Figure 3. Heterologous competition binding using radiolabeled hGLP-2(1-33,M10Y) and hGLP-2(3-33,M10Y). (a) Bar chart of the pIC50 values for binding of [125I]-hGLP-2(1-33,M10Y) (black) and [125I]-hGLP-2(3-33,M10Y) (red). (b-e) Competition binding of [125I]-hGLP-2(1-33,M10Y) (black) and [125I]-hGLP-2(3-33,M10Y) (red) displaced by increasing concentrations of (b) hGLP-2(1-33) (n = 5) , (c) hGLP-2(1-33,M10Y) (n = 5 for [125I]-hGLP-2(1-33,M10Y) and n = 6 for [125I]-hGLP-2(3-33,M10Y)) , (d) hGLP-2(3-33)(n = 5 for [125I]-hGLP-2(1-33,M10Y) and n = 6 for [125I]-hGLP-2(3-33,M10Y)) , and (e) hGLP-2(3-33,M10Y) (n = 5) . To compensate for inter-assay variations the data were normalized to the specific binding of hGLP-2R for each radioligand within each assay. Differences were analyzed by paired t-test and significance indicated by asterisks, **** p < 0.0001, *** p < 0.001, ** p < 0.01 and *p < 0.05. ns indicates non-significant differences. The experiments were carried out in duplicated and presented as mean ± SEM.

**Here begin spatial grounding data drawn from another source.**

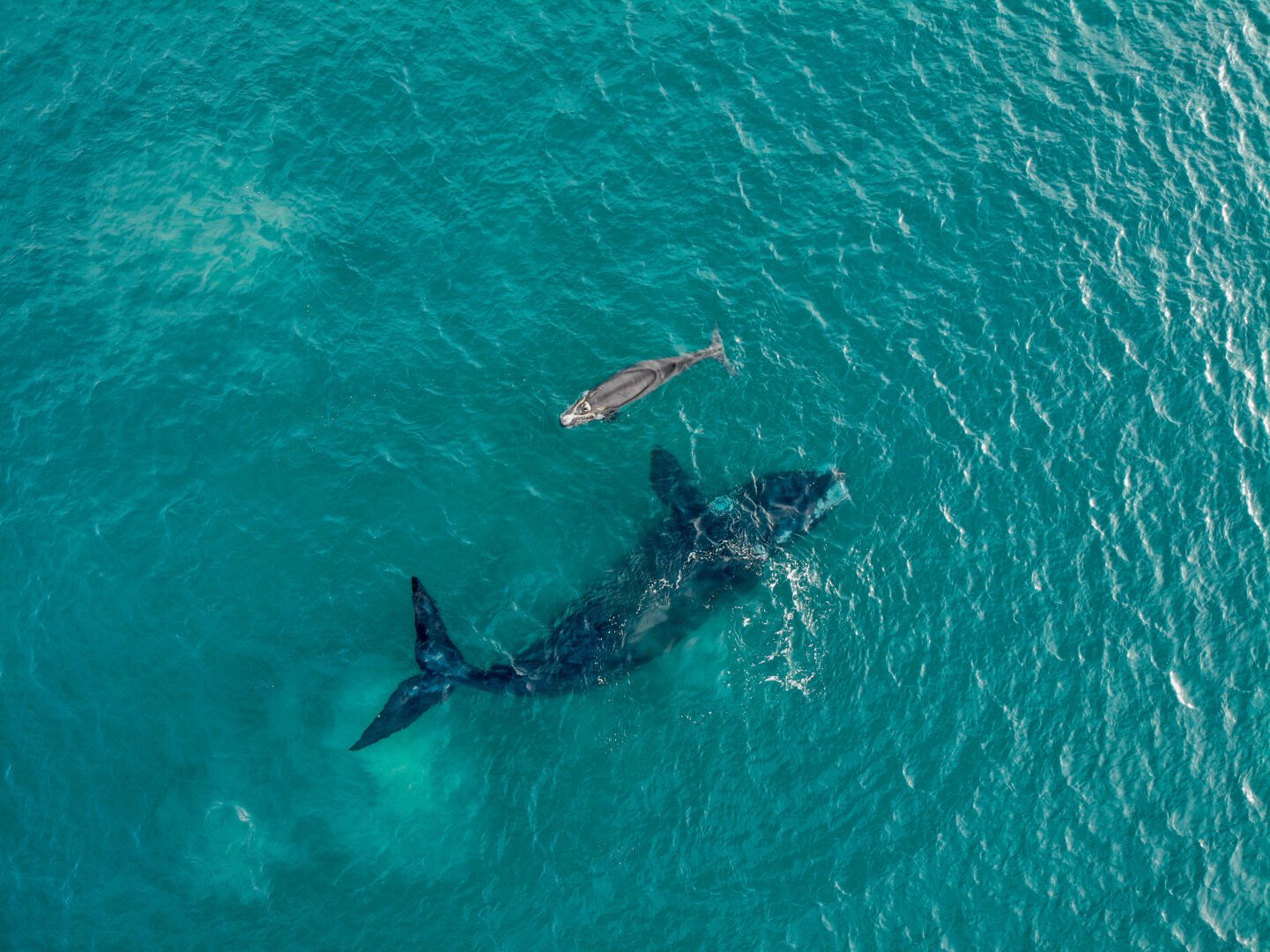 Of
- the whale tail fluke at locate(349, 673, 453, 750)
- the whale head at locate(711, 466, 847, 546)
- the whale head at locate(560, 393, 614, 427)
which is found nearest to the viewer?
the whale tail fluke at locate(349, 673, 453, 750)

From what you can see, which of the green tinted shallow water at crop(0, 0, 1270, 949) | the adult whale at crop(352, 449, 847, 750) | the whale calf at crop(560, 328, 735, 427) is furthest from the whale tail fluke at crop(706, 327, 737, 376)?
the adult whale at crop(352, 449, 847, 750)

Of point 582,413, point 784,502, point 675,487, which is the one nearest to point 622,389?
point 582,413

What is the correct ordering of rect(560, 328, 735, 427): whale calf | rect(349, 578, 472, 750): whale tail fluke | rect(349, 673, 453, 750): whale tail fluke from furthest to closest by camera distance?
rect(560, 328, 735, 427): whale calf
rect(349, 578, 472, 750): whale tail fluke
rect(349, 673, 453, 750): whale tail fluke

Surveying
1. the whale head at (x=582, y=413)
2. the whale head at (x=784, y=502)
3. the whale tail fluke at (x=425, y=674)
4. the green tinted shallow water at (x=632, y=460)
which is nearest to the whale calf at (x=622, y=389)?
the whale head at (x=582, y=413)

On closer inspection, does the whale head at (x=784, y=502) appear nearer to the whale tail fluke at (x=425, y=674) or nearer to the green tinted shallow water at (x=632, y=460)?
the green tinted shallow water at (x=632, y=460)

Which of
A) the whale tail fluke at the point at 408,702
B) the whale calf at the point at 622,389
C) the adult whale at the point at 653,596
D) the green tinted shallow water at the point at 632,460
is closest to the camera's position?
the green tinted shallow water at the point at 632,460

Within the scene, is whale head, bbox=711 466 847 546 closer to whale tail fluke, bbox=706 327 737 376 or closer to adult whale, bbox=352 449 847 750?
adult whale, bbox=352 449 847 750

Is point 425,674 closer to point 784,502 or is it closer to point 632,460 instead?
point 632,460
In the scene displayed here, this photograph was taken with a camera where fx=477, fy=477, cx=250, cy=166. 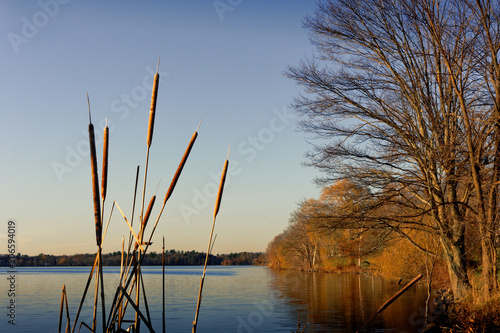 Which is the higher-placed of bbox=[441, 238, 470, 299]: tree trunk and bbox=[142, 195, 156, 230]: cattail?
bbox=[142, 195, 156, 230]: cattail

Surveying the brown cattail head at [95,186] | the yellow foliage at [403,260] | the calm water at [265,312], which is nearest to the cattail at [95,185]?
the brown cattail head at [95,186]

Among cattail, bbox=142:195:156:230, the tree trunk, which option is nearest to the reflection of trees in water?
the tree trunk

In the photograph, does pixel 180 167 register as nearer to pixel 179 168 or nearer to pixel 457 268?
pixel 179 168

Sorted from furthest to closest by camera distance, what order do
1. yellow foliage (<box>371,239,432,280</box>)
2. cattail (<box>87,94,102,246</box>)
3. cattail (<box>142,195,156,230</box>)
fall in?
yellow foliage (<box>371,239,432,280</box>) → cattail (<box>142,195,156,230</box>) → cattail (<box>87,94,102,246</box>)

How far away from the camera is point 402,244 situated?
2708 cm

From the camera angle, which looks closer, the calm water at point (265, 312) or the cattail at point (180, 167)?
the cattail at point (180, 167)

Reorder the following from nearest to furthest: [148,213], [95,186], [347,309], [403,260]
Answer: [95,186] < [148,213] < [347,309] < [403,260]

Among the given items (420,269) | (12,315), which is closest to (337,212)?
(12,315)

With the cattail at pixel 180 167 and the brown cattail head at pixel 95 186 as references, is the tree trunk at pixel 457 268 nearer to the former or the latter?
the cattail at pixel 180 167

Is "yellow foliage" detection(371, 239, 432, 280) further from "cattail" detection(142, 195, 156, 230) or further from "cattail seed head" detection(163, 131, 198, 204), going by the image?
"cattail seed head" detection(163, 131, 198, 204)

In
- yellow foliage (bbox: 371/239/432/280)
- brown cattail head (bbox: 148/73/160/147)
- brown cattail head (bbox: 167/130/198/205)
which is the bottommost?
yellow foliage (bbox: 371/239/432/280)

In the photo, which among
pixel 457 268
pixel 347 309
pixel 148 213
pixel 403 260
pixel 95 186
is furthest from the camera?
pixel 403 260

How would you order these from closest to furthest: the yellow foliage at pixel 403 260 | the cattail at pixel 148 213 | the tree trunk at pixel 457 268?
the cattail at pixel 148 213
the tree trunk at pixel 457 268
the yellow foliage at pixel 403 260

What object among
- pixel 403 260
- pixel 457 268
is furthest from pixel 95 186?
pixel 403 260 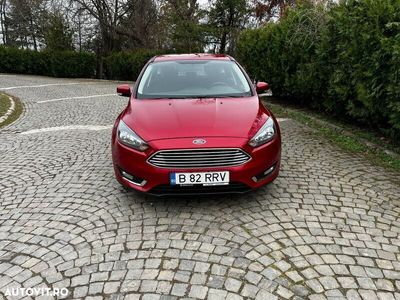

Figure 4. Test for selectivity among class B1 GPCRs. (a) Phylogenetic tree of the class B1 subfamily GPCRs consisting of the GLP-2R and 14 sequence related GPCRs (modified from (Gasbjerg et al.. 2018)). (b) Heterologous binding of [125I]-hGLP-2(1-33,M10Y) (black) and [125I]-hGLP-2(3-33,M10Y) (red) to the hGLP-1R(n = 3) , hGIPR (n = 2) , hGCGR (n = 2) , hSecretinR(n = 2) , VPAC-1R (n = 2) and VPAC-2R (n = 2)displaced by increased concentrations of endogenous hGLP-2(1-33). The experiments were carried out in duplicated and presented as mean ± SEM.